Material to process section start

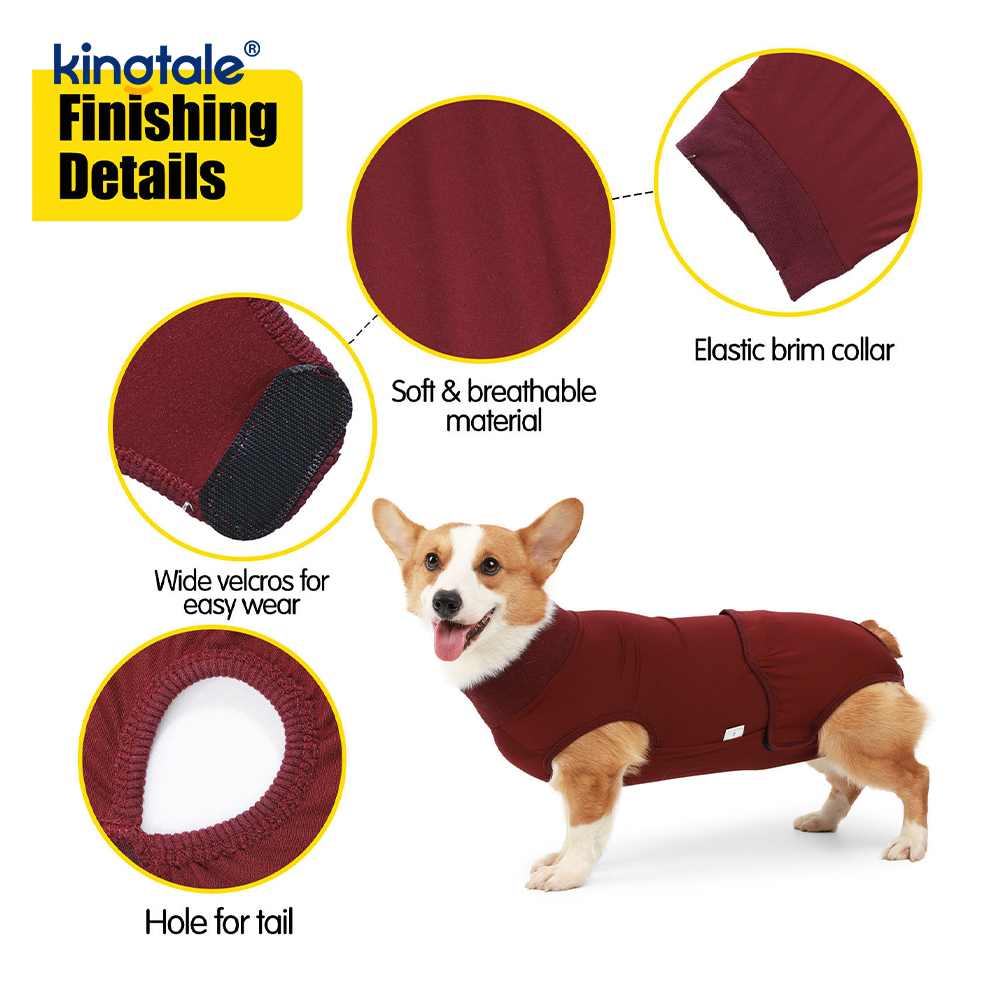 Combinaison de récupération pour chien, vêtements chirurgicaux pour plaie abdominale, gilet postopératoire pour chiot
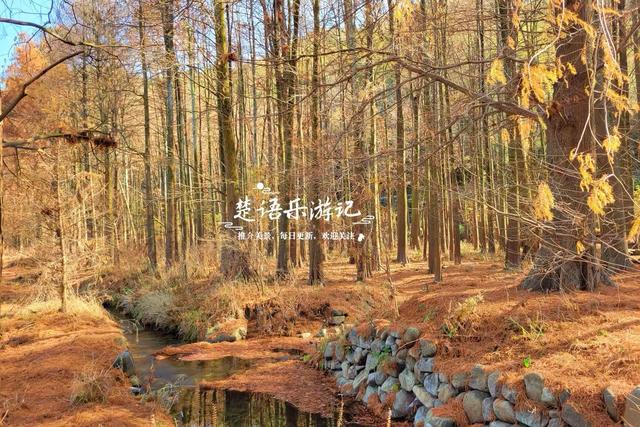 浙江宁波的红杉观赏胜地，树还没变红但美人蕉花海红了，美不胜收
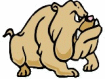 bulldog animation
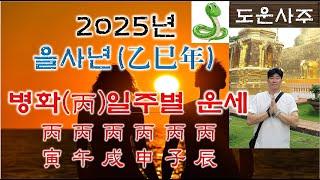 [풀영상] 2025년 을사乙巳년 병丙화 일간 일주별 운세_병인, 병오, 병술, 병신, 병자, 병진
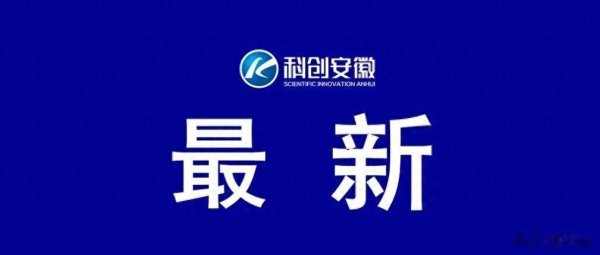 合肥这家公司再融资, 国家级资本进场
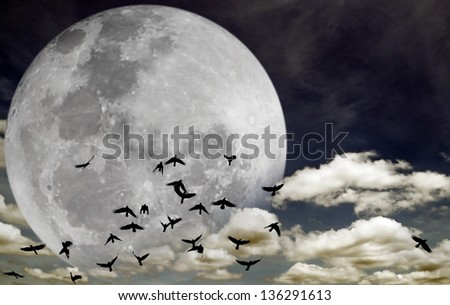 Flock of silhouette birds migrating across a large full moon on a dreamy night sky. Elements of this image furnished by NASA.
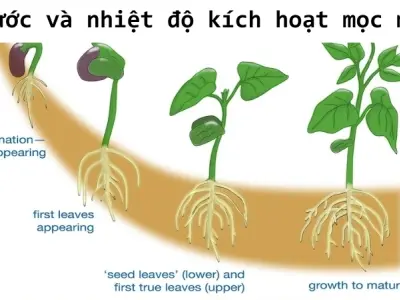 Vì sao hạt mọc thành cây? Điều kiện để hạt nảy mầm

Material to process section end
Material to process section start

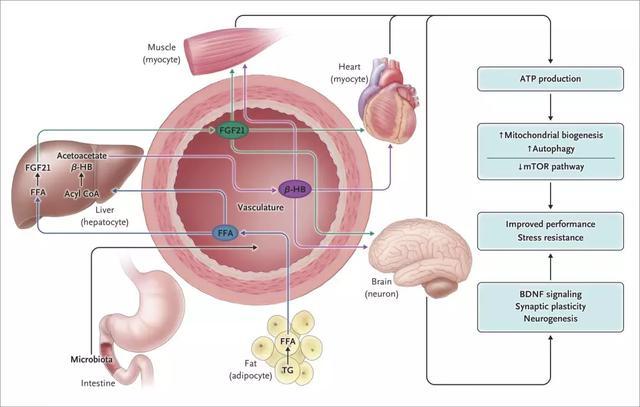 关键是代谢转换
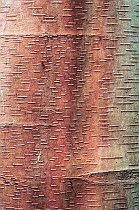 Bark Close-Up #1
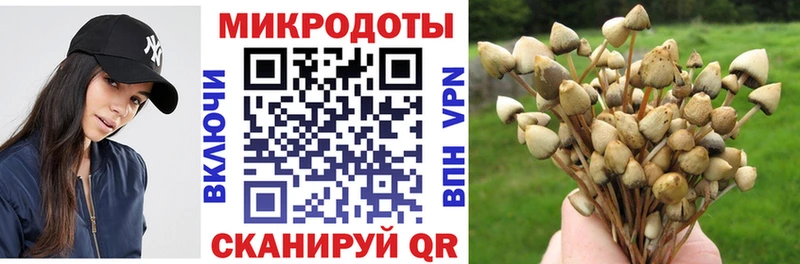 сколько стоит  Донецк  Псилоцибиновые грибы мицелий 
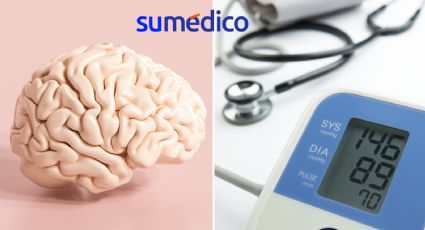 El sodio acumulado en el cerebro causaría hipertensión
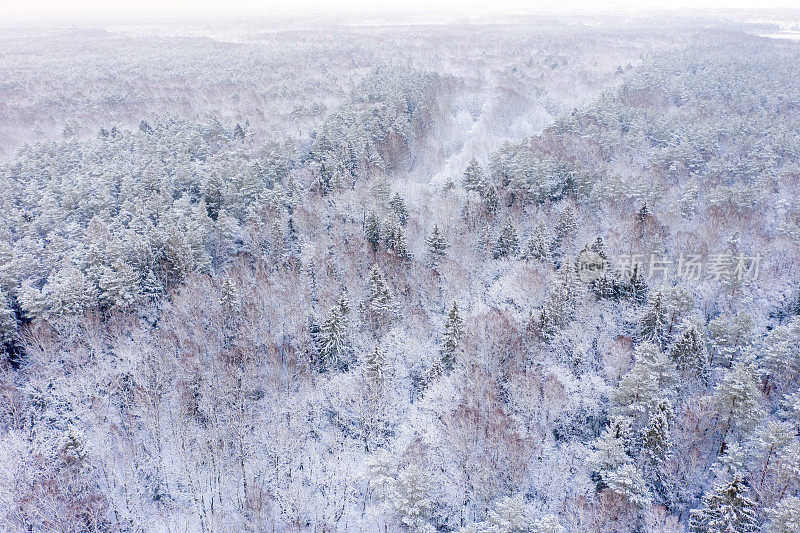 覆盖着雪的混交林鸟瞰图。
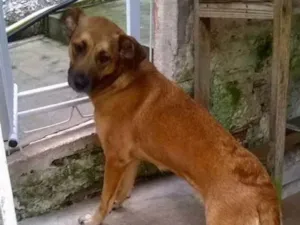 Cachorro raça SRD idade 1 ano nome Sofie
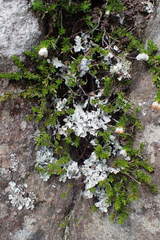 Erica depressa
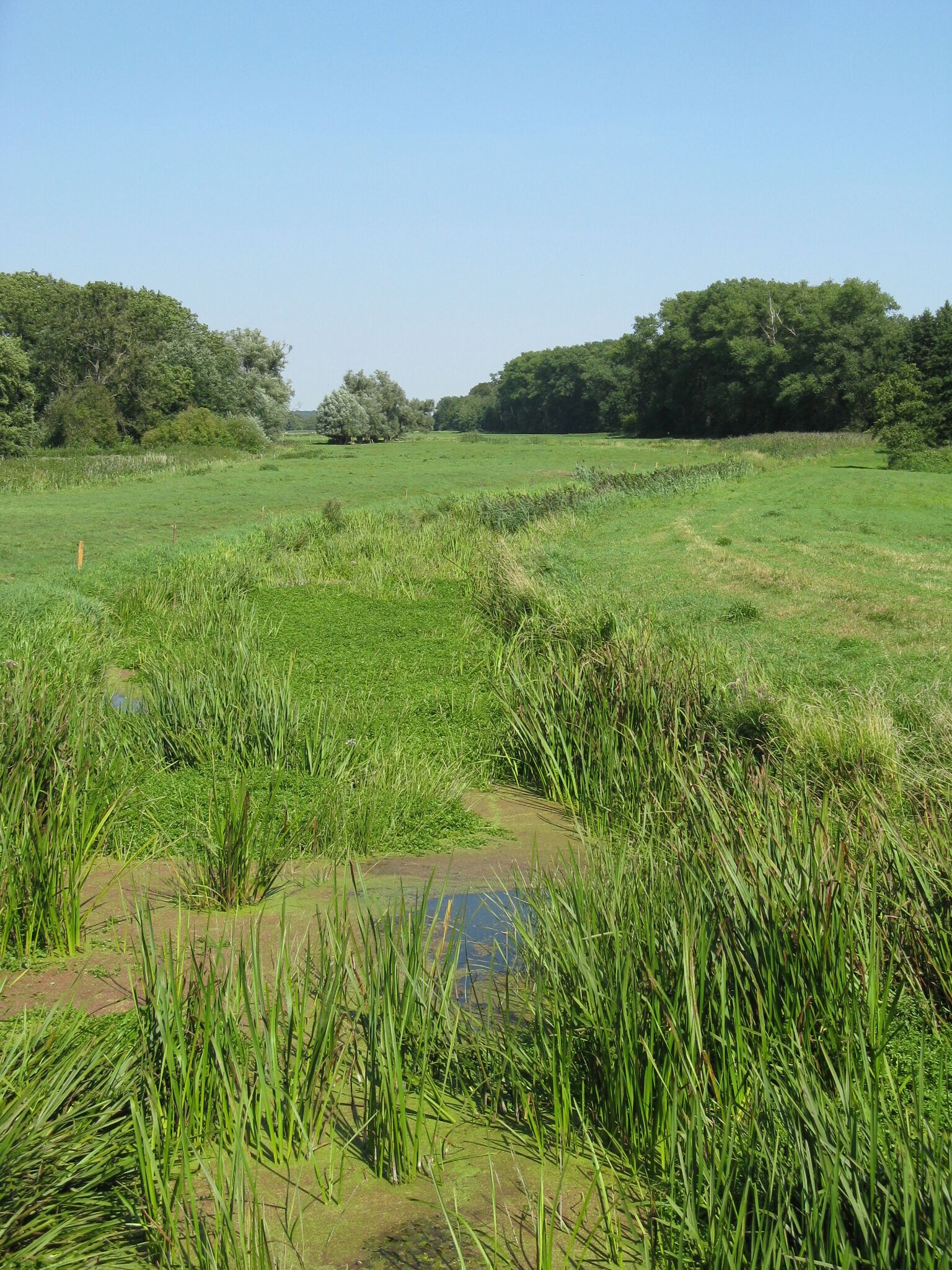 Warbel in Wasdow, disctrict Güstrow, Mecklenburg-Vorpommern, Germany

Material to process section end
Material to process section start

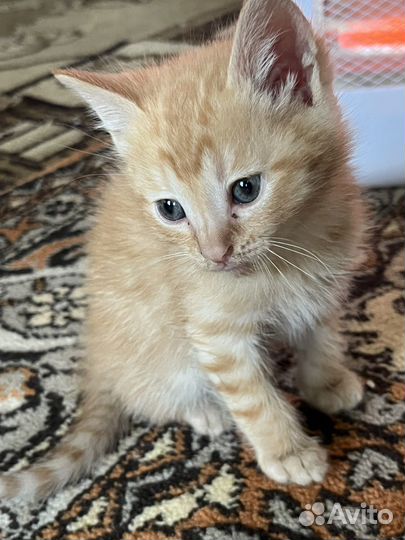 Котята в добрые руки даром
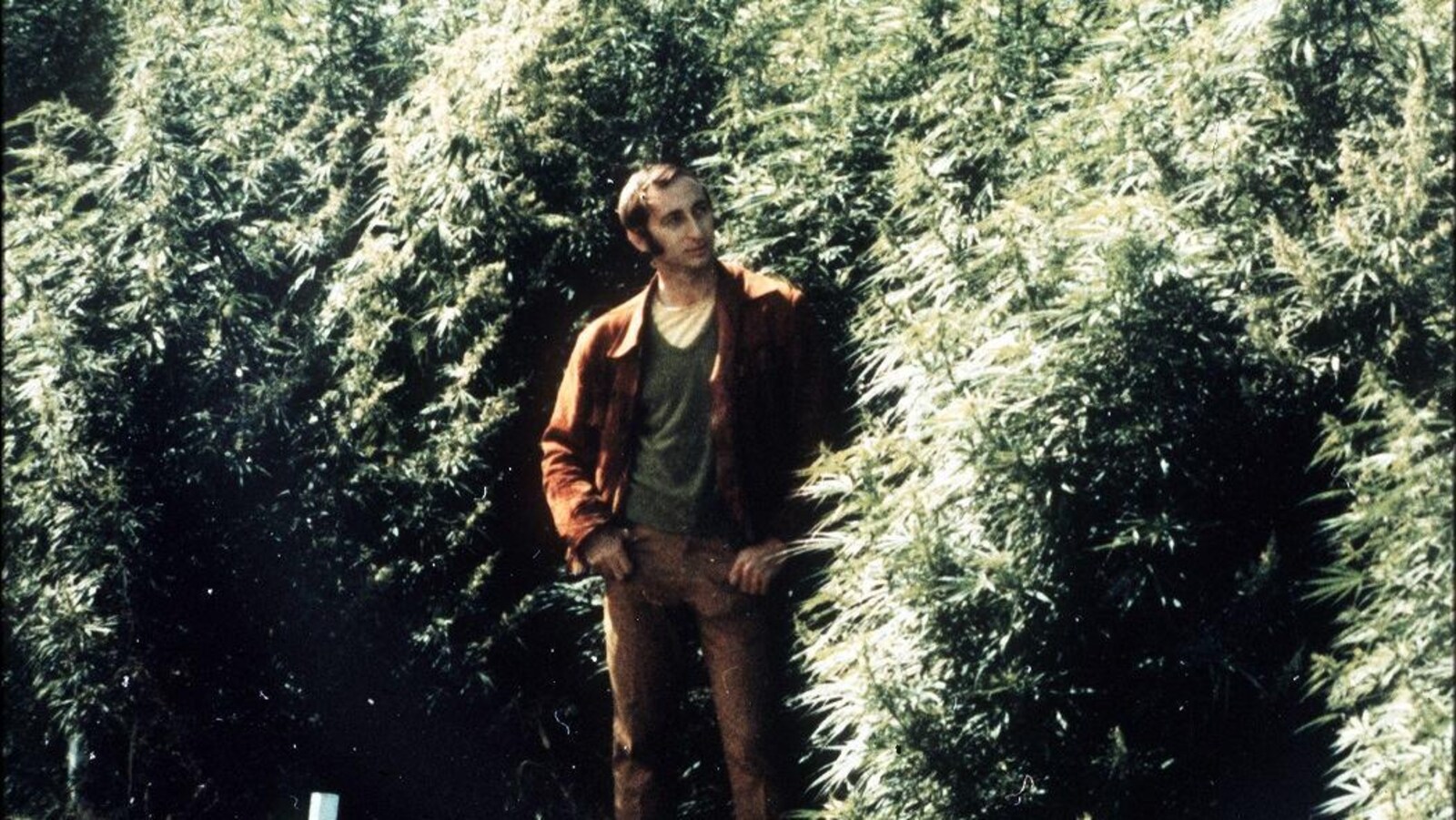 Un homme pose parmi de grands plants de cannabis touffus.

Material to process section end

Each line from the one that contains "Combinaison de récupération" down to the one that contains "Vì sao hạt mọc" is to be returned exactly as it stands above, both ends included, with pictures removed.

 Combinaison de récupération pour chien, vêtements chirurgicaux pour plaie abdominale, gilet postopératoire pour chiot
 浙江宁波的红杉观赏胜地，树还没变红但美人蕉花海红了，美不胜收
 bulldog animation
 [풀영상] 2025년 을사乙巳년 병丙화 일간 일주별 운세_병인, 병오, 병술, 병신, 병자, 병진
 合肥这家公司再融资, 国家级资本进场
 Flock of silhouette birds migrating across a large full moon on a dreamy night sky. Elements of this image furnished by NASA.
 Vì sao hạt mọc thành cây? Điều kiện để hạt nảy mầm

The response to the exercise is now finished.